[WHAT YOU NEED TO DO] Omit all pictures and transcribe only the lines in the entries below that run from the line with "La Virgen de" through the line with "loose denim trousers".

[DATA EXTRACTS]

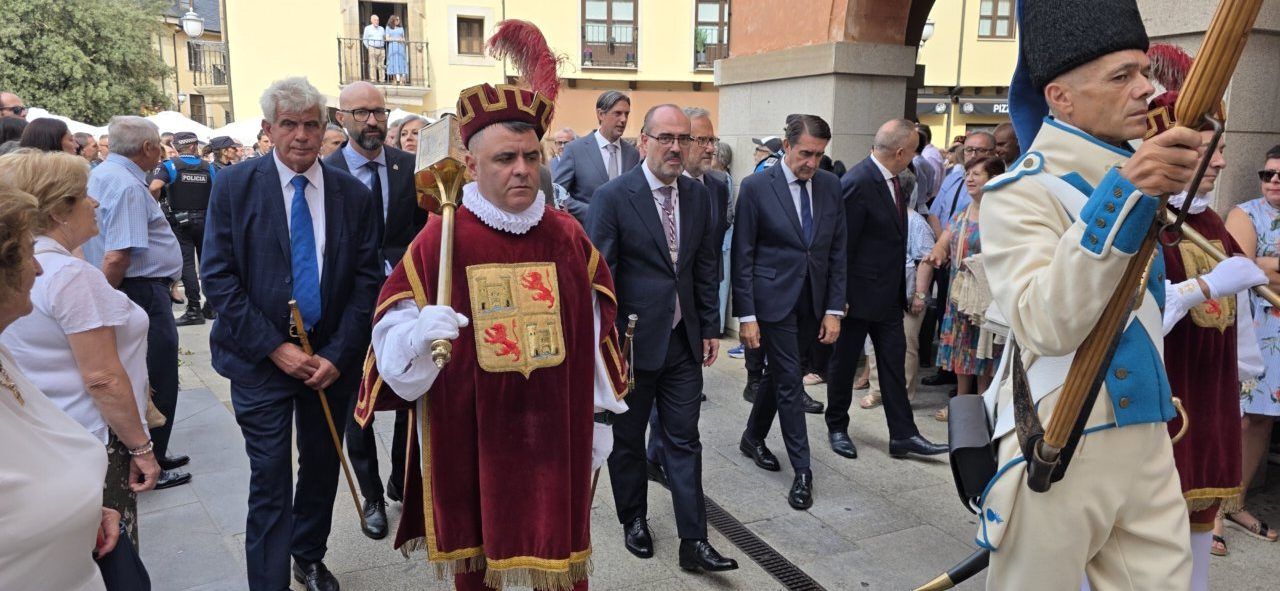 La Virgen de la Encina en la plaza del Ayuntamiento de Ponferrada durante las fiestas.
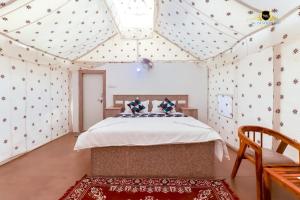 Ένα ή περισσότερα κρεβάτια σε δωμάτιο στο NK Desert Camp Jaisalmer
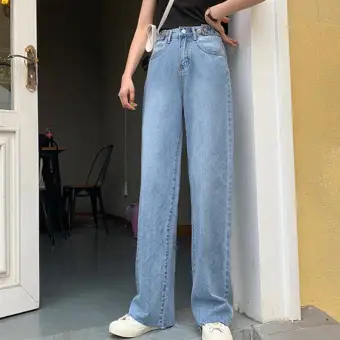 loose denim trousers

* * *

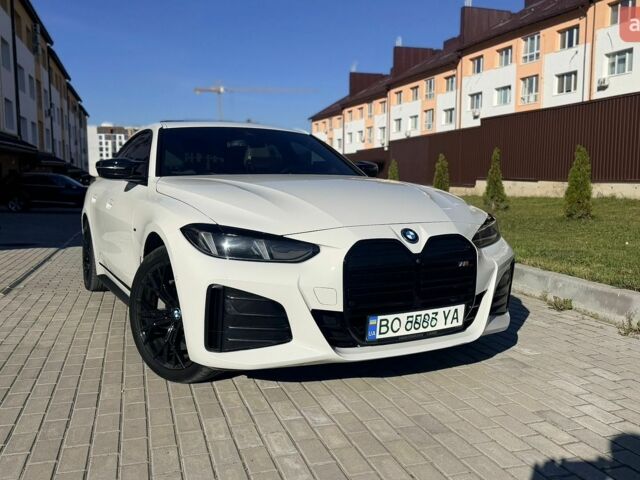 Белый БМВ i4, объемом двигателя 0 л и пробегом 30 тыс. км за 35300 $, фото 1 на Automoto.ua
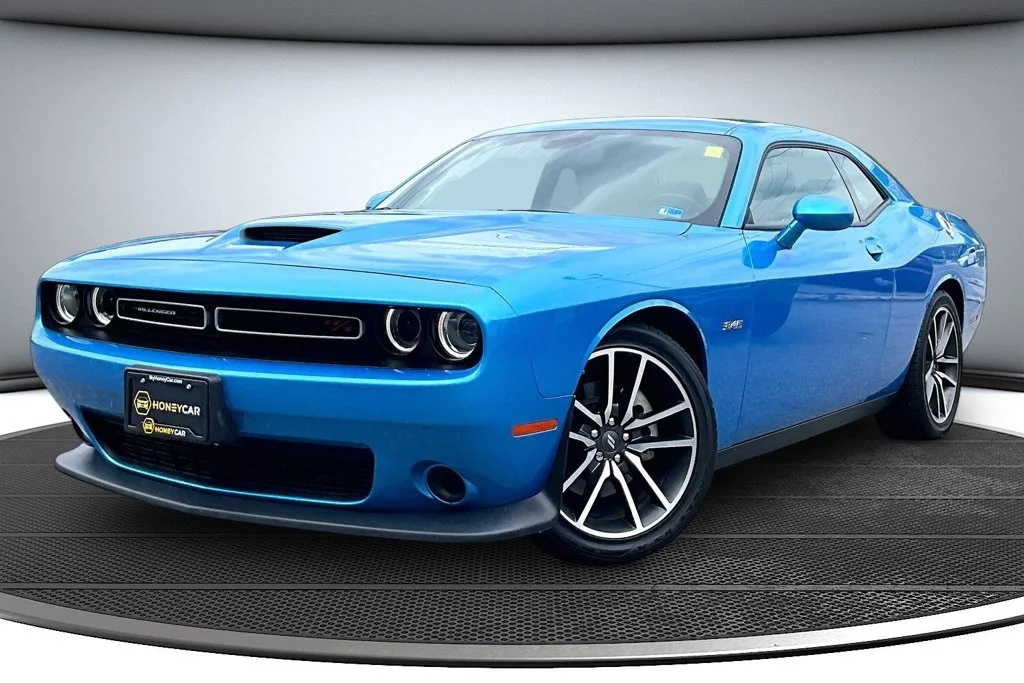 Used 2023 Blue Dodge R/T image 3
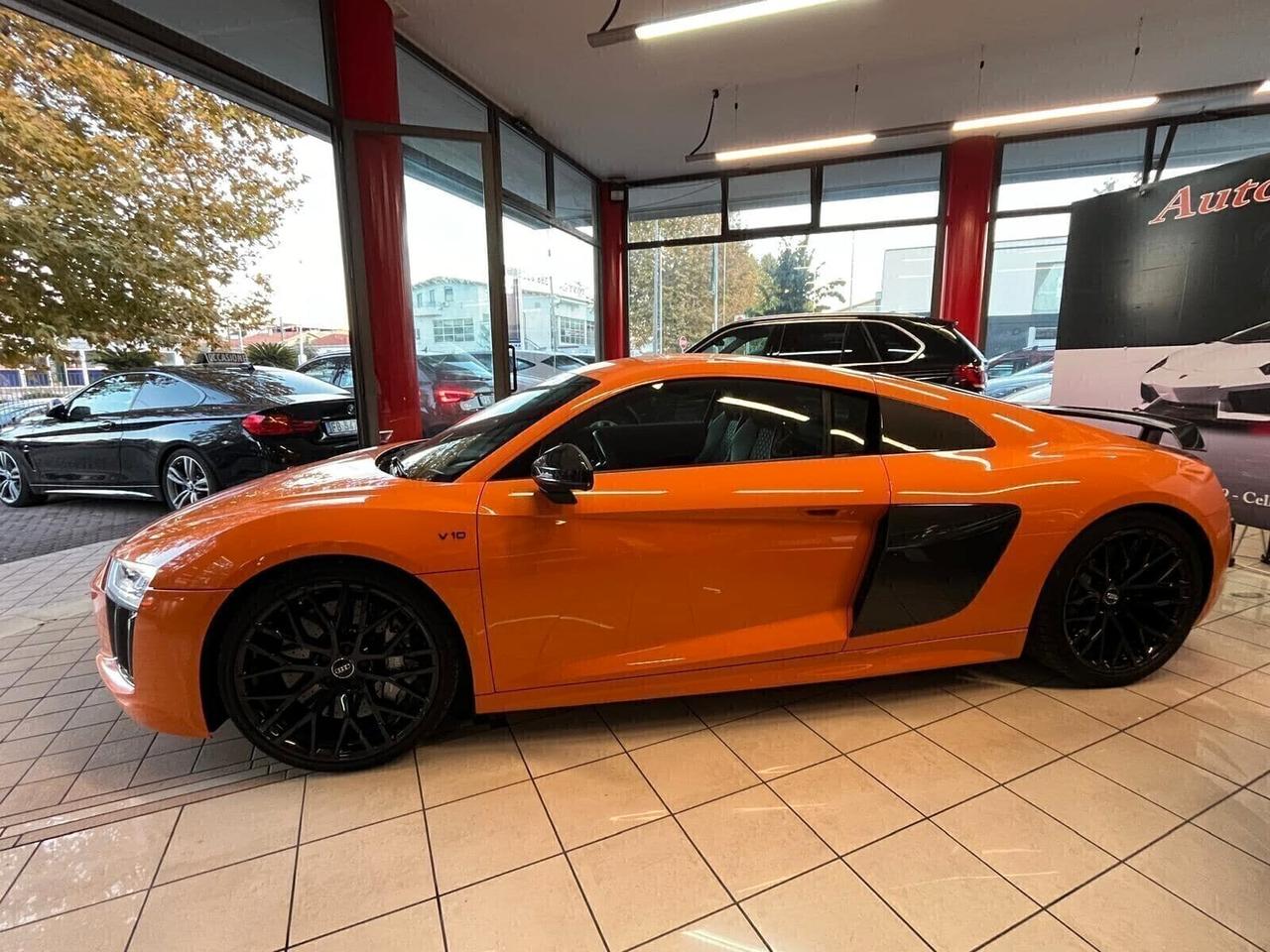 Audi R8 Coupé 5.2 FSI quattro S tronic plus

[COMPLETED EXERCISE]
 La Virgen de la Encina en la plaza del Ayuntamiento de Ponferrada durante las fiestas.
 Ένα ή περισσότερα κρεβάτια σε δωμάτιο στο NK Desert Camp Jaisalmer
 loose denim trousers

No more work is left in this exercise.